UK government keeps secret files on critics – Observer — RT World News

The newspaper says that many experts have been banned from participating in government-sponsored events for criticizing the Cabinet or the Prime Minister
The Observer reported on Saturday, citing a set of statements it had seen.
Government officials in each department had specific guidelines regulating exactly what they should look for and requiring them to collect and keep. “secret files” The newspaper said that the speakers were considered critics of the government.
Profiling typically involves checking a person’s Twitter, Facebook, Instagram and LinkedIn accounts as well as performing a Google search on these individuals using specific keywords such as “Criticize the government or the Prime Minister.” Officials were then advised to examine up to 10 pages of search results or a period of three to five years, the report said.
The UK Department for Education – one of the parties involved in the profiling campaign, according to the Observer – flatly denied resorting to such practices in response to a freedom of information request submitted by the group Privacy International last year. The group was investigating government surveillance of social media at the time.
“Making a concerted effort to seek out negative information in this way is targeted surveillance.” Carolyn Wilson-Ballow, legal director of Privacy International, told the Observer:
Data relating to the practice was shared with the newspaper by a law firm, Leigh Day, which is currently taking legal action against the government on behalf of at least two people affected by the practice.
“This has likely affected large numbers of individuals, many of whom are unaware that civil servants are holding confidential files on them. Such practices are extremely dangerous.” Tessa Gregory, a partner at Leigh Day, told the Observer: The lawyer stressed that such hidden checks breach data protection laws and perhaps equality and human rights laws as well.
One of those who hired Lee Day was Dan Caszetta, a chemical weapons expert and associate fellow at the Royal United Services Institute (RUSI), one of the UK’s leading security think tanks. “The full extent of this is shocking and may never be fully known.

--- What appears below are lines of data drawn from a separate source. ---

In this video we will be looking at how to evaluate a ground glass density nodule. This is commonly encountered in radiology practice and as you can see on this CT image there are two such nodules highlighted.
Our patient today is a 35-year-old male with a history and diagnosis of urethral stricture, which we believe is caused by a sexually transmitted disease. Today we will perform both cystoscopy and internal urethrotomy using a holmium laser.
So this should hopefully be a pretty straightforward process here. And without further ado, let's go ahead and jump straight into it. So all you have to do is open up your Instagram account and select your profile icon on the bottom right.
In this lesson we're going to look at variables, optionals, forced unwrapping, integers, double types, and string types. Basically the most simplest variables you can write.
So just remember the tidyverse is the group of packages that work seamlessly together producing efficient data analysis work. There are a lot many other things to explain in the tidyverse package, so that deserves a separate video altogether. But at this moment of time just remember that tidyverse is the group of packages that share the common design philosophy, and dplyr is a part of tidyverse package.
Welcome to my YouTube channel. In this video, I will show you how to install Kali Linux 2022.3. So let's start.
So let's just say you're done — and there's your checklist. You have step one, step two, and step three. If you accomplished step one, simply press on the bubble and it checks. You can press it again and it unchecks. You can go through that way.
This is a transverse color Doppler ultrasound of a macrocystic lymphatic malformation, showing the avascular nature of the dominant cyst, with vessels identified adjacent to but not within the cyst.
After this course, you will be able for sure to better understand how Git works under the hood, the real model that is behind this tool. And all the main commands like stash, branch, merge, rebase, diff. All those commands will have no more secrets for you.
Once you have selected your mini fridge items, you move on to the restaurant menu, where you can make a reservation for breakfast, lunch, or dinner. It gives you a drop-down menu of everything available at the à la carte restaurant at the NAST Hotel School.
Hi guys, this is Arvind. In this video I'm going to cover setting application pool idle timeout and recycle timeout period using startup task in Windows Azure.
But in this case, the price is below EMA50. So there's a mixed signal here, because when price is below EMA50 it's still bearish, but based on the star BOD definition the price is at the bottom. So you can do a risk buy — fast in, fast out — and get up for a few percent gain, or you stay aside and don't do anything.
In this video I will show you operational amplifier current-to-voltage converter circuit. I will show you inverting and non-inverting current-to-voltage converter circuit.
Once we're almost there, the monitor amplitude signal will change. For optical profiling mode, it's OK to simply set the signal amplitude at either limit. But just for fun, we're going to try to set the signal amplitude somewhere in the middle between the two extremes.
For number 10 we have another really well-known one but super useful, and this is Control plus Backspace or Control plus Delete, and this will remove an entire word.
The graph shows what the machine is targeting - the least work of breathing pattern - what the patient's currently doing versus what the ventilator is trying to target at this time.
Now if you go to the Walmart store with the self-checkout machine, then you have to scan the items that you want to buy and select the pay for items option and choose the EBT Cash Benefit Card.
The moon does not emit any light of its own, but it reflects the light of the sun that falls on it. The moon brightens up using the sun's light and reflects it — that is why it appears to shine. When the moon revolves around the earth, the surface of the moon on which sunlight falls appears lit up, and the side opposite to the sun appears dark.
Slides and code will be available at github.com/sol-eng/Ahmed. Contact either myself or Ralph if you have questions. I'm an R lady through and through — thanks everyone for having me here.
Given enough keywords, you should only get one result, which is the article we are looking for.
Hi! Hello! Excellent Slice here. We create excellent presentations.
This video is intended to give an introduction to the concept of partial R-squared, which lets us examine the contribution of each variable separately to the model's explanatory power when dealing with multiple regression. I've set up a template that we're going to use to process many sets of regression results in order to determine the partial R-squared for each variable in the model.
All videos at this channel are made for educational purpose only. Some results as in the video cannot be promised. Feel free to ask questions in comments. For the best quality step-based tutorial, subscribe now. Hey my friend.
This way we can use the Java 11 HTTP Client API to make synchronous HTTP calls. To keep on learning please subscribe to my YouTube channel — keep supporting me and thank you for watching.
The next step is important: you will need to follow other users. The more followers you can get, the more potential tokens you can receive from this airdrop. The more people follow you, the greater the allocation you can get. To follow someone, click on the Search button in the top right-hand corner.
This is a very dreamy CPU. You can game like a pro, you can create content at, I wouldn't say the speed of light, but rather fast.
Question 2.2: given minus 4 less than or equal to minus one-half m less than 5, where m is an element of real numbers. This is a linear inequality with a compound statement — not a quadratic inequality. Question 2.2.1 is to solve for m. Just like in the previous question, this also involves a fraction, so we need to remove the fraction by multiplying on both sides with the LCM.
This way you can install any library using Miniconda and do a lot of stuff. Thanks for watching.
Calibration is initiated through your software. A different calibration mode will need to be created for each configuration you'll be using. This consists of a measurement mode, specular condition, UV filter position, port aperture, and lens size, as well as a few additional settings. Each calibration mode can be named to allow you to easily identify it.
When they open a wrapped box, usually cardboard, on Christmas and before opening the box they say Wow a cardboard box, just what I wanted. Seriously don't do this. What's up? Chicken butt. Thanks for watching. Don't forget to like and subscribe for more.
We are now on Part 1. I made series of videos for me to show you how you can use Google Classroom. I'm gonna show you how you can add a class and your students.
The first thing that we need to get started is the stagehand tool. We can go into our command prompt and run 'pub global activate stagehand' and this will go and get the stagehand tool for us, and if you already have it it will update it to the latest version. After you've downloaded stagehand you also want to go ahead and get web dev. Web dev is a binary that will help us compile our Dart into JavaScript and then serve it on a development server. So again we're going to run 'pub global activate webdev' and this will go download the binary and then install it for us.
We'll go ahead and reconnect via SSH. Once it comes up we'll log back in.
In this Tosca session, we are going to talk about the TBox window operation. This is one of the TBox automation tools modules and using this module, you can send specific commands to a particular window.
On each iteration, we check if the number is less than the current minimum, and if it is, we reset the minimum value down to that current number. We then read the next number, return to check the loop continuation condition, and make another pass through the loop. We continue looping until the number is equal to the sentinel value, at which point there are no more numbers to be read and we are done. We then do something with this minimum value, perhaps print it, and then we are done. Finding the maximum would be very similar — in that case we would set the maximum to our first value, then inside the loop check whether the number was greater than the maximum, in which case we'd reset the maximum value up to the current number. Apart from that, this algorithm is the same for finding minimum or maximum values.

I was lucky enough to have clear and clear evidence.” He told the newspaper, adding that he knew of 12 other experts who discovered that the government had blacklisted them.
According to Casetta, he received a public apology from the government in July, and was informed in August that the 15 departments involved had withdrawn those guidelines pending a Cabinet Office review.
A Cabinet Office spokesman told the Observer that the government “Reviewing the guidance and temporarily withdrawing it to prevent any misinterpretation of the rules.”